Auto-generation¶
metatools
includes the doit
command, which implements “auto-generation”
of ebuilds. But what exactly is “auto-generation”?
In its broadest sense, “auto-generation” is the high-level creation of ebuilds. This can involve any number of advanced capabilities, such as querying GitHub or GitLab to find the latest version of a package, actually fetching source code and looking inside it, or using Jinja to generate ebuilds using templates. Typically, multiple approaches are used together.
We use these capabilities to reduce the manual labor required to maintain packages. These capabilities exist to give us leverage over the complex world of software so that we can automate as much as possible, so we can do more with less.
Running Auto-Generation¶
To actually use these tools to auto-generate ebuilds, it is recommended that you
check out the kit-fixups repository, which is the master repository of Funtoo
Linux. This repository is organized into directories for each kit, and sub-directories
for each kit version, with current
often used as a sub-directory name for kit
version. So, for example, if we wanted to auto-generate all ebuilds in
core-kit/current
, we would do this:
$ cd development
$ git clone https://code.funtoo.org/bitbucket/scm/core/kit-fixups.git
$ cd kit-fixups/core-kit/curated
$ doit
In the above example, it will see that the directory kit-fixups/core-kit/curated
is an overlay that contains categories, and it will look inside it for all “autogens”
and execute them.
When doit
runs, it will determine its context by looking at the current working
directory, similar to how the git
command will find what git repository it is in by looking
backwards from the current working directory. It will then fire off auto-generation in
the current directory, looking in the current directory and any sub-directories for all
autogens, and will execute them. You will see a lot of ....

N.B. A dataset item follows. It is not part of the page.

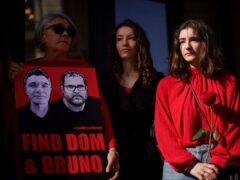 The family of Dom Phillips, from left: Helen Davies, Rhianna Davies and Domonique Davies at a vigil outside the Brazilian Embassy in London (PA)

being printed on the screen, which means
that files are being downloaded. What is actually happening is that doit
is querying
Web APIs like GitHub and GitLab to find the latest versions of packages, and then downloading
the source code tarballs (in metatools
vernacular: “artifacts”) for these packages, and a
period is printed for each block of data received to show progress. Often times, multiple
artifacts are being downloaded at the same time.
Then, as the artifacts are received, doit
creates ebuilds for these packages, and also creates Manifest
files referencing
the SHA512 and other digests of the downloaded Artifacts. You end up with ebuilds that you
can test out by running ebuild foo-1.0.ebuild clean merge
.
Where are these “autogens”? They are autogen.py
files that exist in the repository. Think of our autogens as plug-ins, written in Python and leveraging the
POP Framework, that contain
a generate()
function which can generate one or more ebuilds using the metatools
API. The metatools
API, which we’ll look at in a bit, is an extensible API that lets us query Web APIs, use
Jinja and perform other neat tricks to generate ebuilds.
In addition to raw autogens, there are also autogen.yaml
files which allow for creation of
ebuilds en masse. In the YAML, you specify an autogen (also called a metatools “generator”) plus packages and
package-specific metadata to feed to that generator. When you feed package data to a generator, it
spits out ebuilds. This is both highly efficient (it’s fast) and also a nice way to generate
ebuilds with little or no redundant code. metatools
contains a number of built-in generators
that can be used with the YAML system, such as generators that build ebuilds for Python packages on PyPi.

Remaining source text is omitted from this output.